◆ **Your objective**: Exactly and only the lines below from the one containing "专题3.1.2种子植物（原卷" down to the one containing "British Shorthair Blue - imagine 2" are wanted, both included; please exclude every picture.

◆ **Task data**:

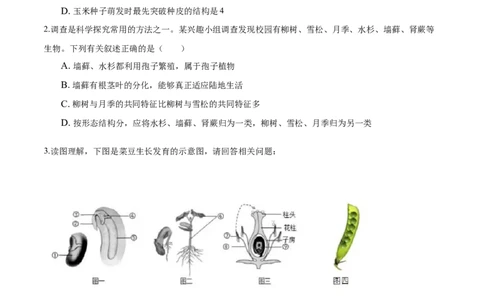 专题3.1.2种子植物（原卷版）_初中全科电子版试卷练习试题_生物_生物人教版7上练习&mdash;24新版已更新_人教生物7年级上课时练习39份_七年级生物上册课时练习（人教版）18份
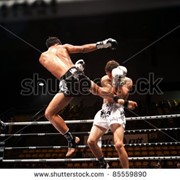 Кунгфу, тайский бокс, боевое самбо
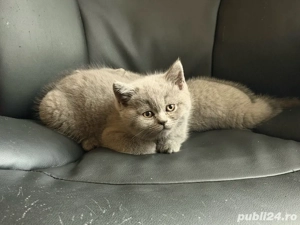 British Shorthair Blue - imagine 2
==
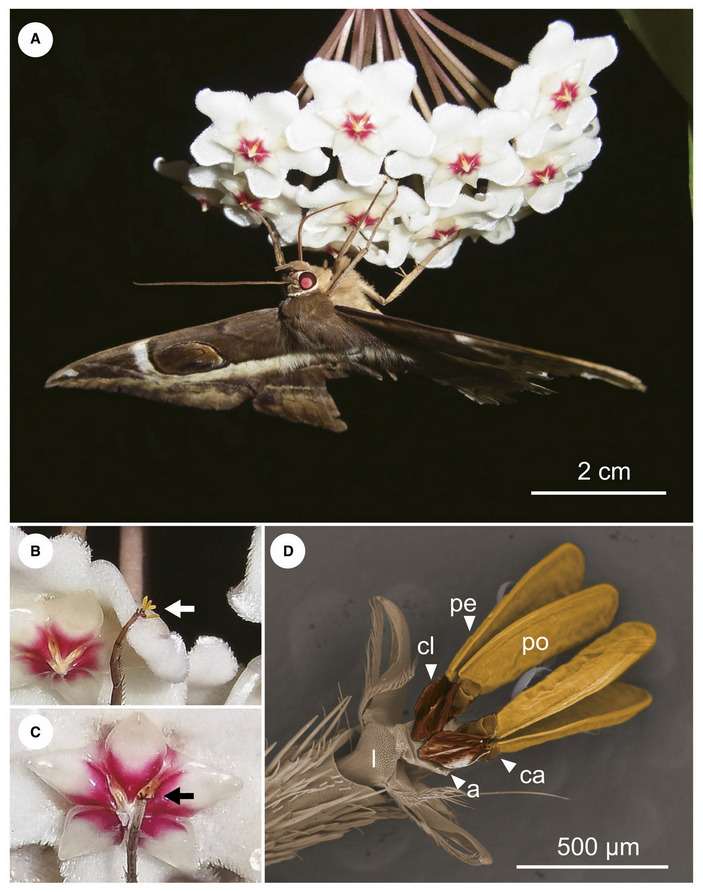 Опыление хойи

◆ **Response to this exercise**:
 专题3.1.2种子植物（原卷版）_初中全科电子版试卷练习试题_生物_生物人教版7上练习&mdash;24新版已更新_人教生物7年级上课时练习39份_七年级生物上册课时练习（人教版）18份
 Кунгфу, тайский бокс, боевое самбо
 British Shorthair Blue - imagine 2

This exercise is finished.